Too many concurrent jobs can cause that. Also maybe you have a job that requires more memory than the standard job.
See if you can identify why it is getting exhausted what is running and maybe reduce the number of concurrent operations.
Otherwise engage NetBackup support for a closer investigation.
08-15-2017 02:58 PM
I forgot to mention you can look into vm.swappiness value on the appliance.
swappinessvalue is recommended for database workloads. For example, for Oracle databases, Red Hat recommends a
08-15-2017 03:06 PM
Like I said - all of my appliances are using swap space. The average seems to be around 10GB of swap space that is reported being used.
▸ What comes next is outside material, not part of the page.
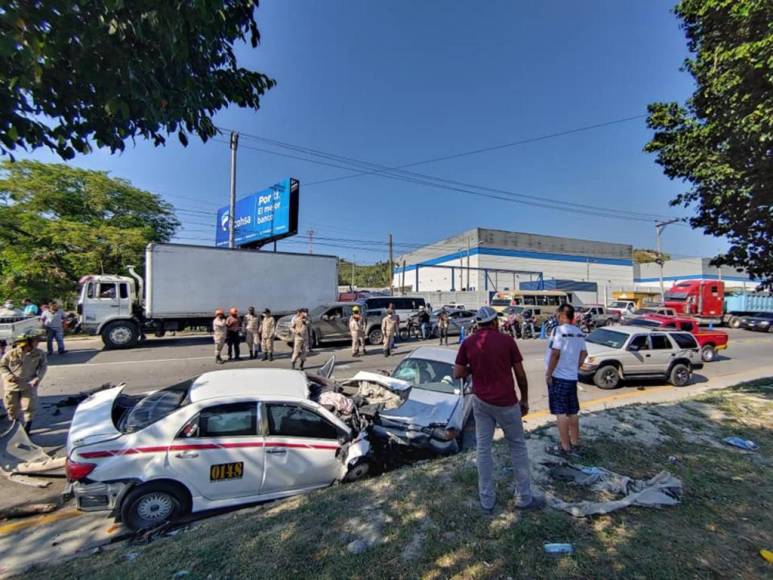 Rastra sin frenos causó la muerte de dos personas en múltiple accidente en Choloma (Fotos)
I've been keeping an eye on them, with a focus on the swap usage. The busy appliance that had the 30+ GB of use is pretty steady right now at 12GB. I'm going to see if at any point that starts to head up...
08-16-2017 03:06 AM
@elanmbx could you tell us exactly what and exactly how you are measuring, so that we can also feedback any figures, and compare apples with apples. Thank you.
08-16-2017 08:15 AM
Is your 'busy' appliance doing VADP backups? Those are rather memory intensive.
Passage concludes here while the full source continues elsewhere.